UNHCR concern as Australia detains asylum-seekers
ADELAIDE, Australia – ADELAIDE, Australia (AP) — The U.N. refugee agency expressed concern Monday that Australia is using holding newly arrived asylum-seekers in detention centers.
The government suspended refugee applications from Afghans and Sri Lankans on April 9, saying the situations in those countries had improved.
The new policy says the suspensions will be reassessed in three to six months. Until then, new asylum-seekers will be housed in detention centers. The government has already been forced to open new centers to cope with an overflow of arrivals.
But the U.N. said Monday there should be alternatives to detention for those who posed no security risk.
"The combination of mandatory detention, suspension of asylum claims and the geographical isolation of detention facilities ... all without any effective judicial oversight — is a deeply troubling set of factors," said Richard Towle of the U.N. refugee agency.

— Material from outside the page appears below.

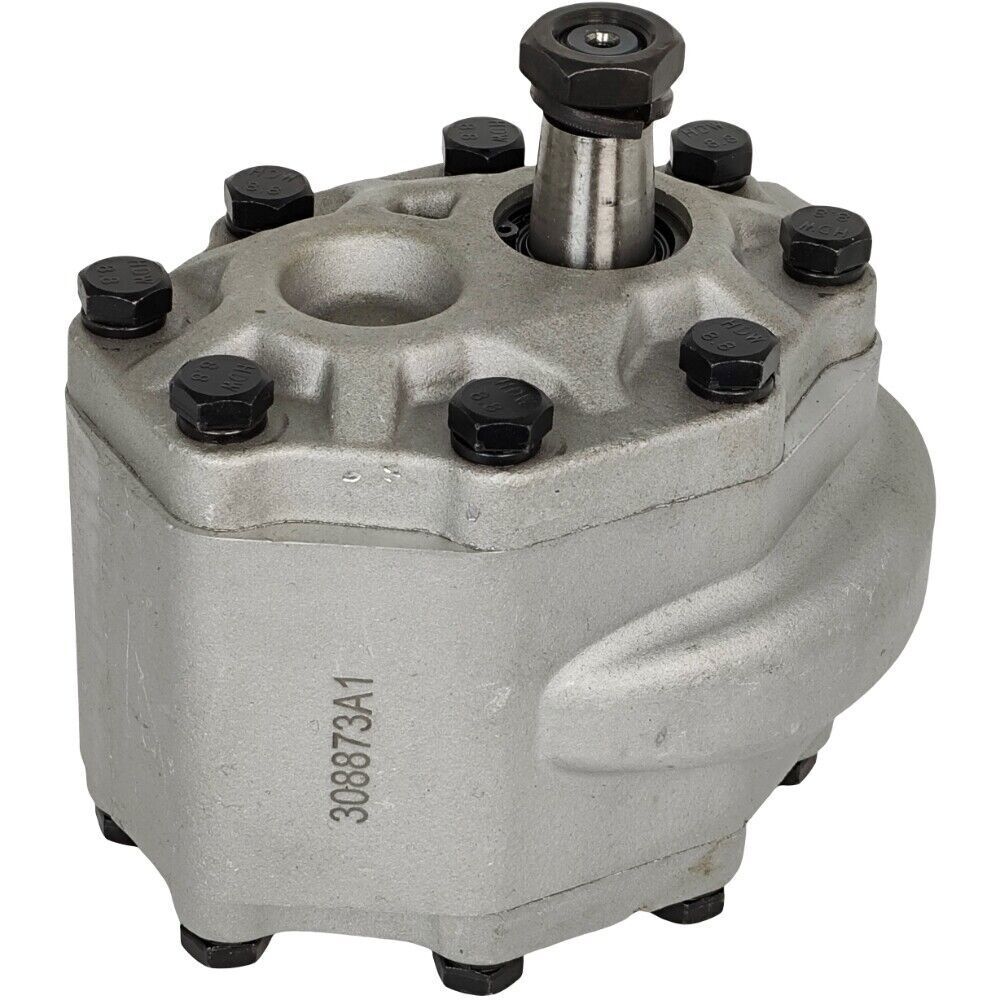 84573150 Hydraulic Gear Pump 308873A1 for Case IH 385 485 585 885 454 464 484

Detention is likely to have a negative impact on the physical and mental health of asylum-seekers, particularly those who have been tortured or traumatized before arriving in Australia, the U.N. said.
It particularly criticized the remote location of a new detention center to be opened at Curtin air force base in the state of Western Australia. The federal government announced Sunday that the facility, which had been used for the same purpose under the previous administration, would house up to 300 Sri Lankan and Afghan asylum-seekers whose applications were on hold.
The government is struggling to cope with illegal boatloads of asylum-seekers who have filled an offshore detention center and fueled a political debate over immigration policies.
The current government relaxed immigration regulations in 2008, reducing the time would-be refugees spend in detention before their applications are processed and dropping a requirement that they must renew visas every five years.
The opposition claims that those changes led to the tenfold increase in illegal boat people in 2009 over the previous year. They say the illegal arrivals drain money and resources and that they should apply through the established U.N. refugee process.